Take a drive along the Cape’s Old King’s Highway (more unceremoniously identified as Highway 6A on most roadmaps) on the bay side of the Cape and you pass old captains’ houses and inns that look as if they’ve leapt out of a Norman Rockwell painting. At dusk, the beaches along the bay side offer one of the most awesome views of a sunset over coastal waters you are ever likely to see. I have often walked along one of my favourite old beaches in the Cape Cod town of Dennis and heard hundreds of people along the shoreline applaud at the end of a sunset, as if they had just experienced the end of a stirring opera.

The many beautiful inns of Cape Cod, with history echoing off their walls and rafters, liberate visitors from nondescript chain hotels. Our family’s favourite is the Old Sea Pines Inn in the bayside town of Brewster. Old Sea Pines was an early-1900s finishing school for girls that has been lovingly restored by Steve and Michele Rowan, two upstate New Yorkers who fell so in love with the Cape when they were young, they moved there. In the cozy commons room of the Old Sea Pines Inn, members of my family and I have, over the years, met many interesting people from all over the world. Here we are a short drive away from some of the most beautiful towns on the Cape, including Orleans, Harwich, and Chatham, and some of the nicest vistas of both the bay and ocean. Check out Nauset Beach along the ocean side of Orleans as an example of a New England shoreline tailor-made for any Hollywood script set in the region.

Further out on the Cape, through the towns of Eastham, Wellfleet, Truro, and Provincetown, you can stroll more than 60 kilometres of pristine beach preserved forever, thanks to the vision of the Sierra Club and the late President Kennedy, as the “National Seashore.” Here you will find the Highland Light, one of the oldest surviving lighthouses in North America, and the one that is featured in Thoreau’s Cape Cod essays.

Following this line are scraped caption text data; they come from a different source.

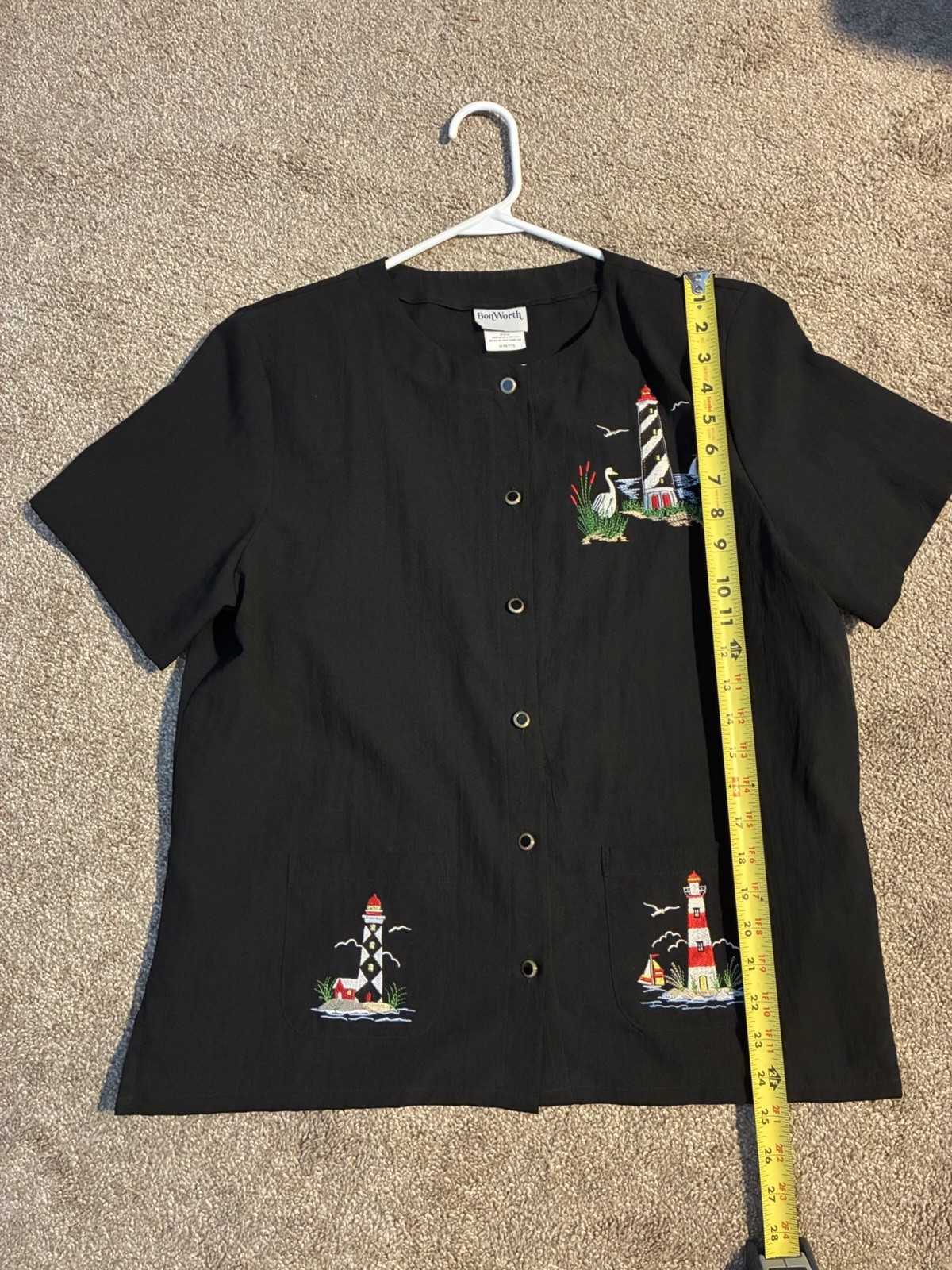 vtg Bon Worth black short-sleeve button-up lighthouse embroidery Lightweight Mp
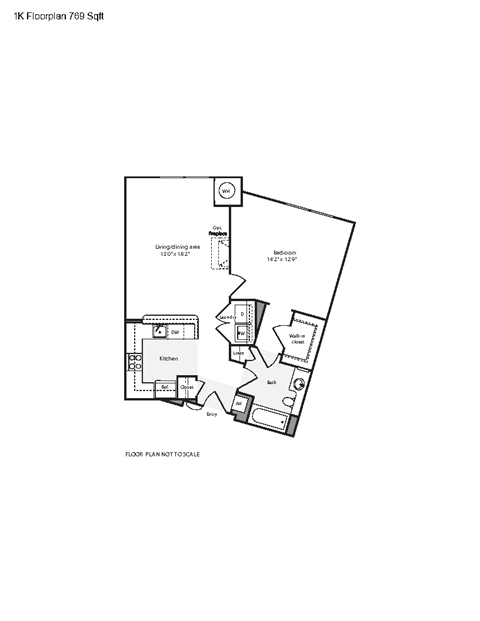 Floor plan for 1 bed, 1 bath, 769 sqft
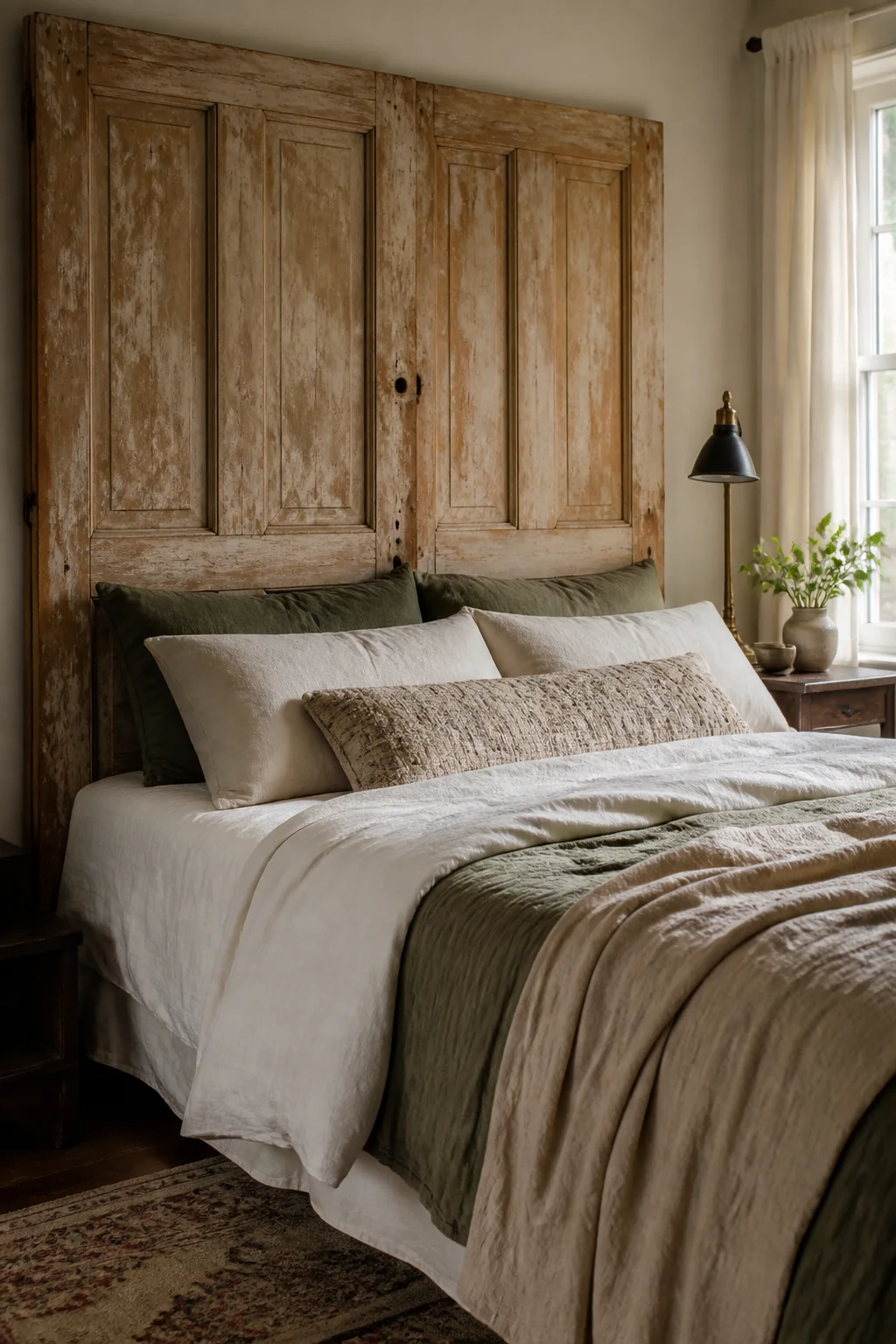 Vintage door or barn door as headboard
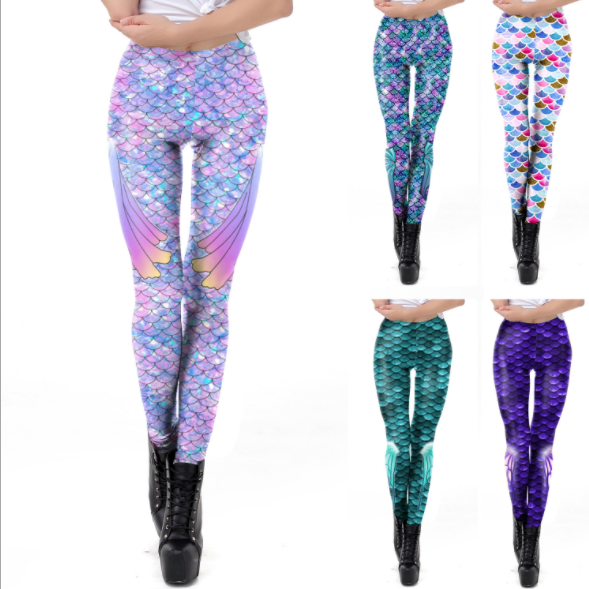 2020 New party dresses mermaid model printed leggings mermaid legging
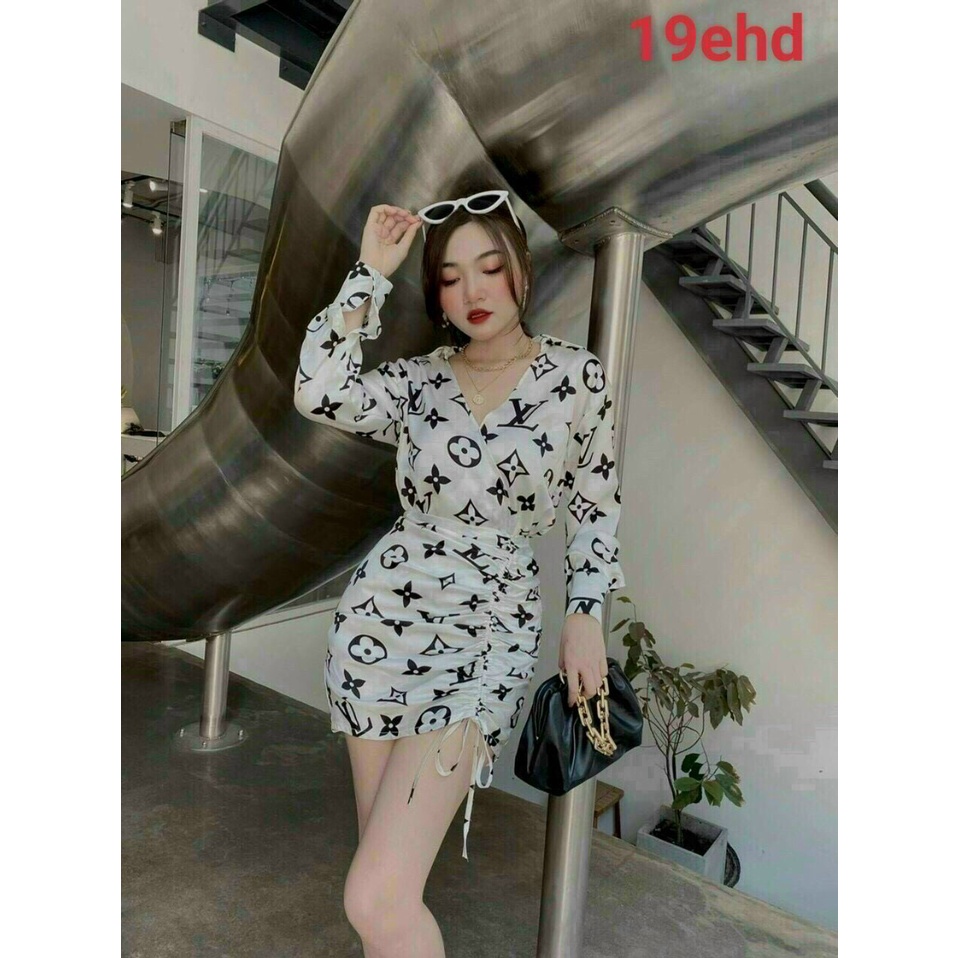 Váy Đầm Body Tay Dài Dự Tiệc In Họa Tiết Chữ Chất Lụa Mềm Mịn Kiểu Dáng Sang Trọng, Quyến Rũ Thời Trang Nữ Minh Phúc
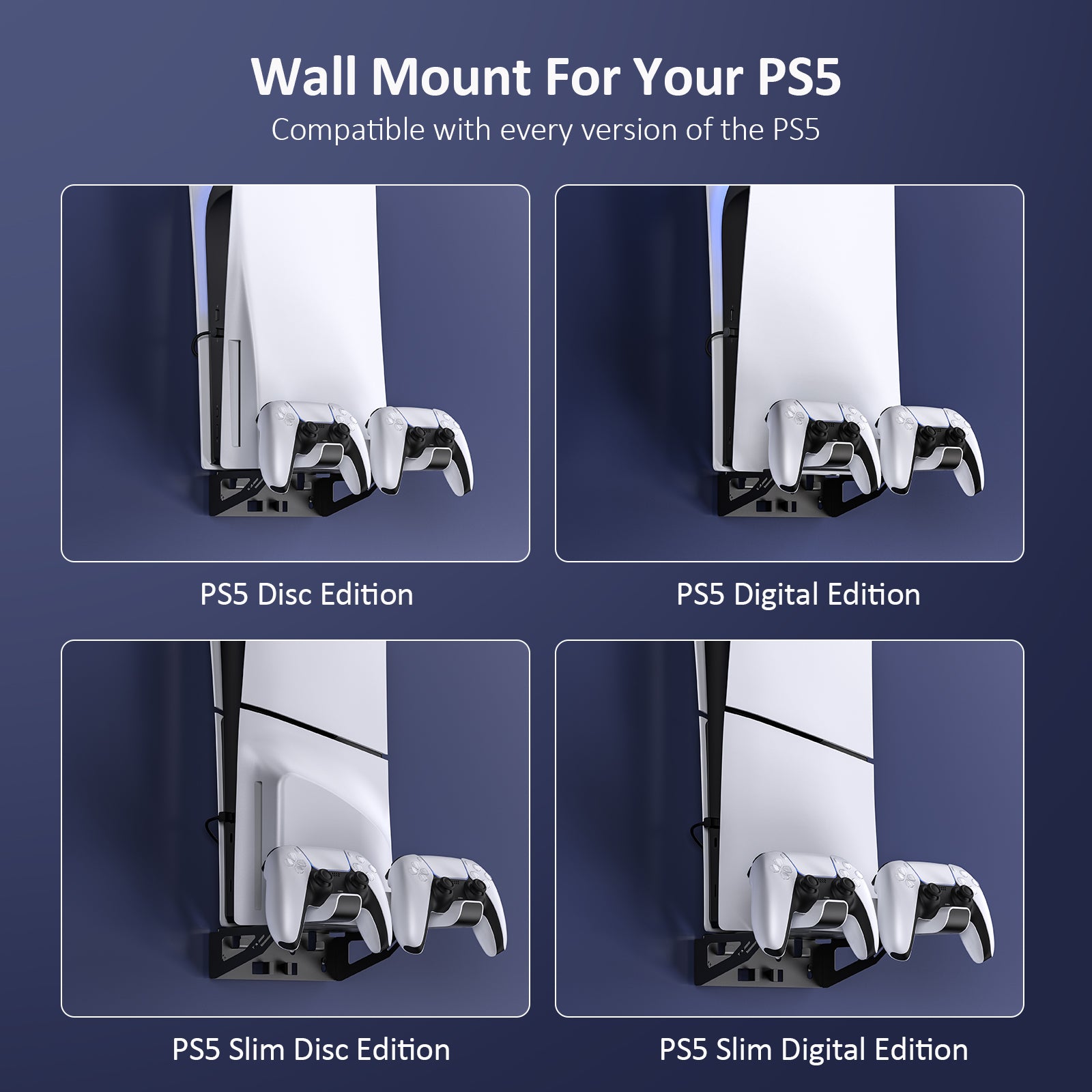 NexiGo PS5 Wall Mount Kit with Charging Station - Thumbnail 4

Much of this shoreline is about as natural as it was when the pilgrims of Mayflower fame passed by it on their way to nearby Plymouth 384 years ago.

And what can one say about Provincetown at the outermost tip of Cape Cod? This former whaling and smuggling hub turned resort and artists’ colony has been a Mecca for bohemians for more than 100 years. Great political commentators such as John Reed (who wrote Ten Days That Shook the World, the seminal book on the Russian Revolution), and great playwrights like Eugene O’Neill, frequently migrated here for inspiration during the early decades of the last century. Not too long ago, my wife Mary and I passed Norman Mailer, the Pulitzer Prize-winning author who still lives there, walking along the main street. Take a walk out on the main wharf, in season, and, for about half the price of going to an amusement park featuring marine mammals performing tricks in tanks, board one of the vessels of the Dolphin Fleet and spend four hours out on the open seas, experiencing the wonder of whales in the wild. Once you’ve seen these magnificent giants there, you will never want to see them in an artificial tank again.

As possibly the quickest trip from Niagara to the ocean by car, Cape Cod has so much to offer someone looking for an escape from the routine stresses of life. I’ve had no trouble finding peace of mind walking along one of the beaches there. I’m sure you can too.